Title: Recurrent Neural Networks - A Focus on Architectures
Authors: Hans Georg Zimmermann, Ralph Grothmann, Christoph Tietz
Siemens AG, Corporate Technology Dpt. CT IC4,
contact: Hans_Georg.Zimmermann@siemens.com
Time delay recurrent neural networks are an obvious framework for the modeling of dynamical systems. To support the system identification, we propose to integrate additional prior principles about the dynamics into the recurrent neural network. In general this can either be done by improving learning algorthms or by extending architectures. For instance, unfolding in time is an elementary idea of transfering an algorithm into a network architecture.
Most real world dynamical systems are open systems, i.e. they are a superposition of an autonomous and an external driven part. Here one of the major difficulties is the lack of knowledge about the external drivers. As a remedy we propose recurrent error correction neural networks (ECNN). Such an ECNN incorporates the last measured model error as an addtional input. Hence, the learning can interpret the models misfit as the consequence of an external shock or the presence of unkown external influences. The error correction mechanism is designed as an architectural extension to a recurrent network (This is different to Kalman filtering).
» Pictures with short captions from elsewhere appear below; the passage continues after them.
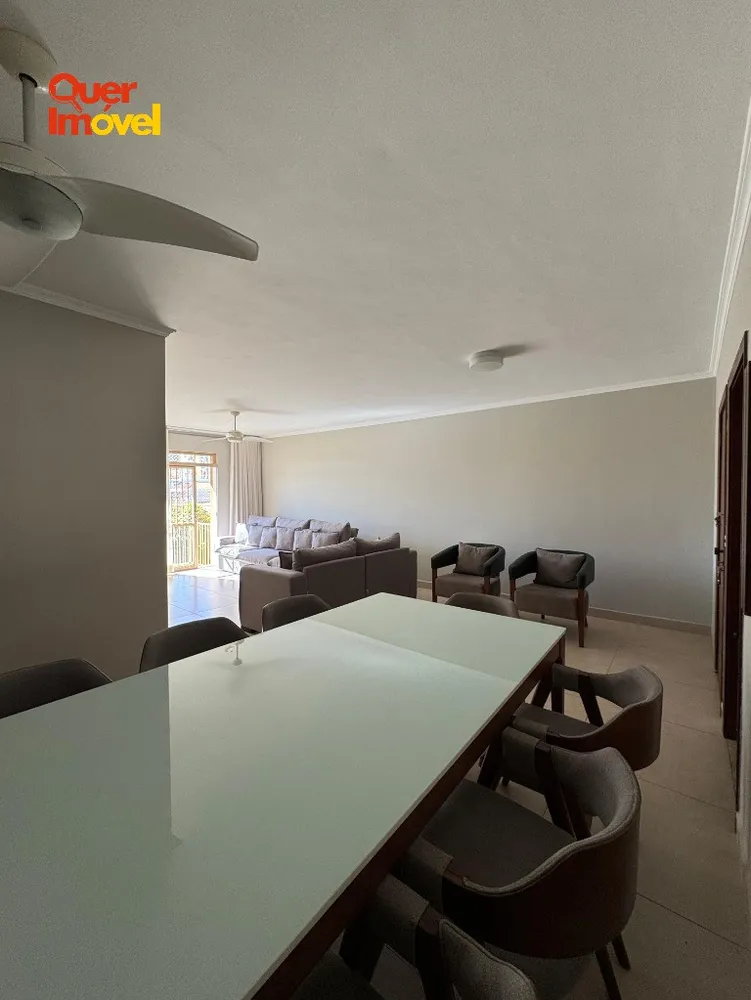 Apartamento, 3 quartos, 136 m² - Foto 3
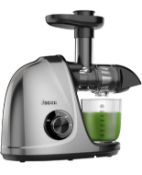 Jocuu Slow Juicer Masticating Juicer Machine RRP £109.99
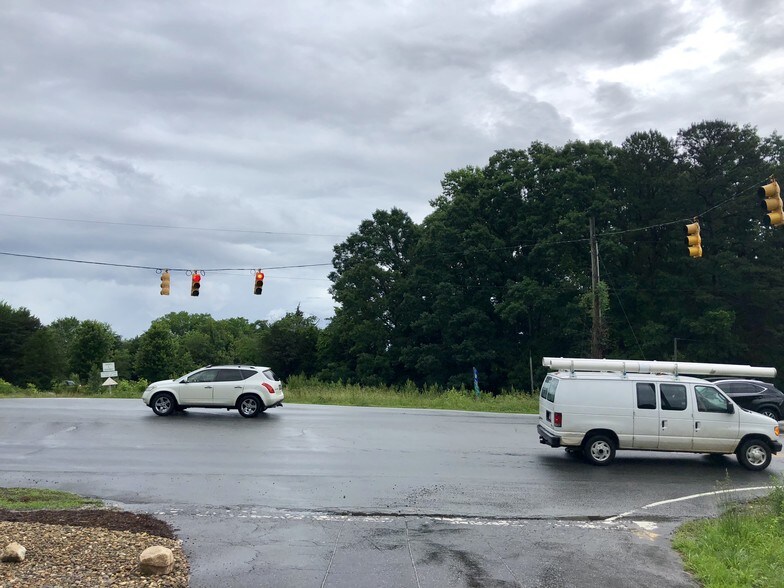 More Photos Of Highway NC-16 Hwy, Denver Land For Sale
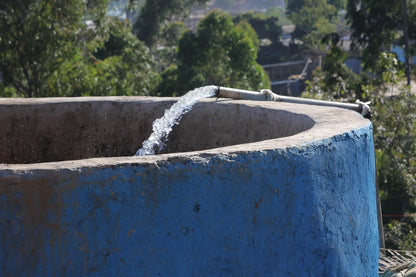 Ethiopia - Dry Process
A technical problem of finite unfolding in time is the initialization of the first internal recurrent state. Typically this is handled by the assumption that a misspecification of the initial state is vanishing in importance while the system is iterating. We introduce a new technique to desensitize the network form the arbitrariness of the state initialization.
Finally, we deal with the modeling of high-dimensional dynamical systems. One idea is to search for (time-)invariant manifolds containing the dynamics. Now the prediction of the complete system can be simplified by concentrating on the (lower dimensional) (time-)variant sub-structure. The complete dynamics can be reconstructed as a combination of the predicted variants and invariants. We describe a network architecture which combines the variance - invariance separation together with an ECNN.